渡辺綱と茨木童子の戦い 一条戻橋



茨木童子が出現するのは、堀川にかかる一条戻橋(いちじょうもどりばし)の上というパターン。若い美女が道に困っていたため、渡辺綱が馬に乗せてやると、女は突然鬼の姿になって綱の髪の毛を掴み、空中に飛び上がって愛宕山(あたごやま、あたごさん)に連れ去ろうとした。綱は慌てず名刀・髭切(ひげきり)で鬼の腕を切って難を逃れた。



綱は、切り取った鬼の腕を源頼光に見せた。頼光が陰陽師安部晴明だとする話もある)に相談したところ、「必ず鬼が腕を取り返しにやって来るから、七日の間家に閉じこもり物忌みをし、その間は誰も家の中に入れないように」と言われた。それから数日間、茨木童子はあらゆる手を用いて綱の屋敷へ侵入しようとするが、綱の唱える仁王経(にんのうきょう)や護符(ごふ、ごふう)の力で入ることができなかった。

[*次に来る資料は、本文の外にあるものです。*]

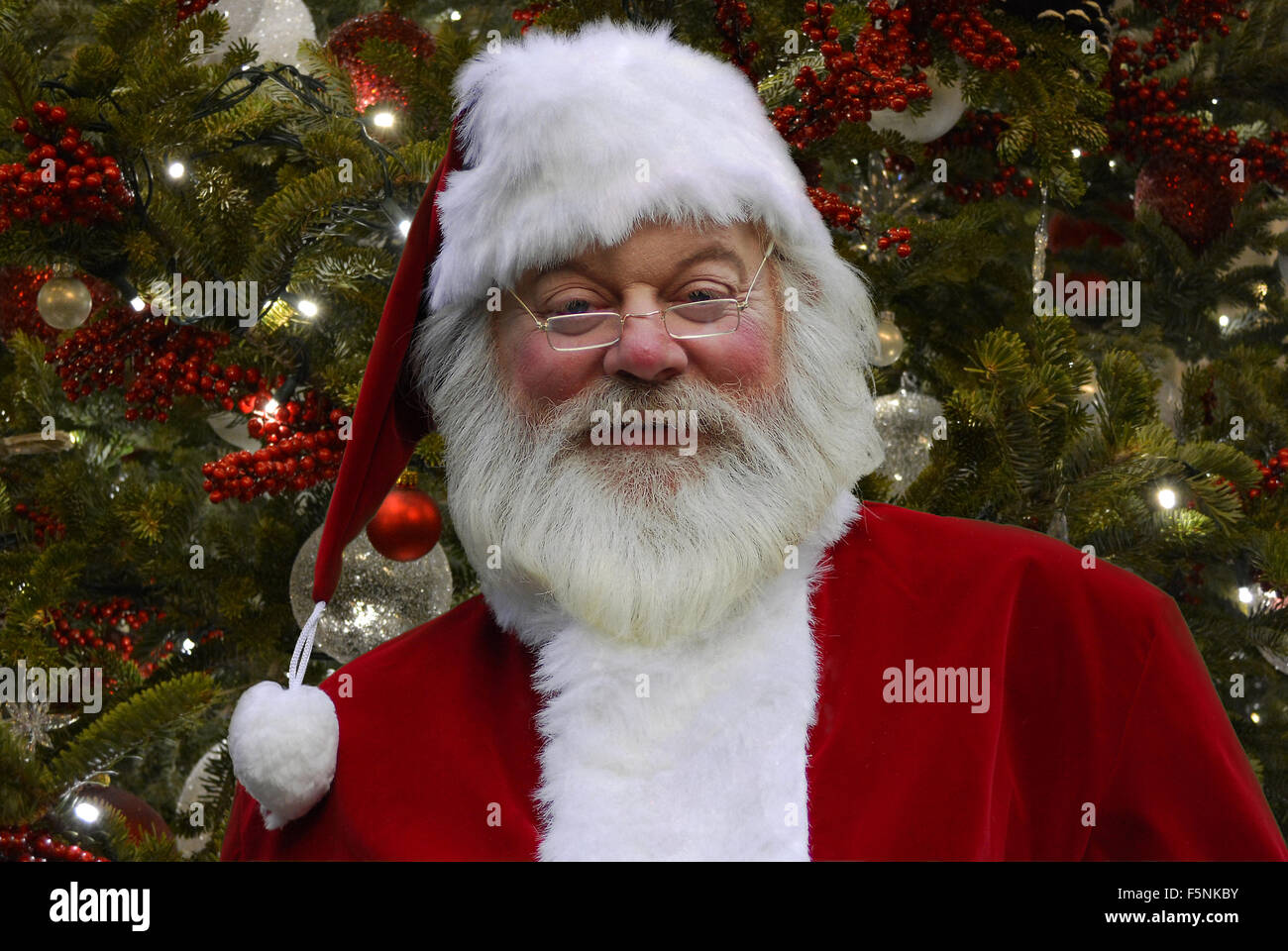 Pictures of santa claus in real life online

ついに七日目の晩になって、摂津の国から綱の伯母・真柴(ましば。伯母ではなく養母が来るという話もある)が綱の屋敷にやってきた。綱は事情を話し決して伯母を屋敷に入れなかったが、年老いた伯母は「幼いころ大切に育てた報いがこの仕打ちか」と嘆き悲しんだので綱は仕方なく言いつけを破って伯母を屋敷に入れる。ところが、この伯母は実は茨木童子の化けた姿だった。伯母の姿のまま、綱が切り取ったと言う鬼の腕を見たいと言い、封印された唐櫃から出されてきた腕を手にとってじっくり見ていると、突然伯母は鬼の姿に戻った。そして腕を持ったまま飛び上がり、破風を破って空の彼方に消えたという。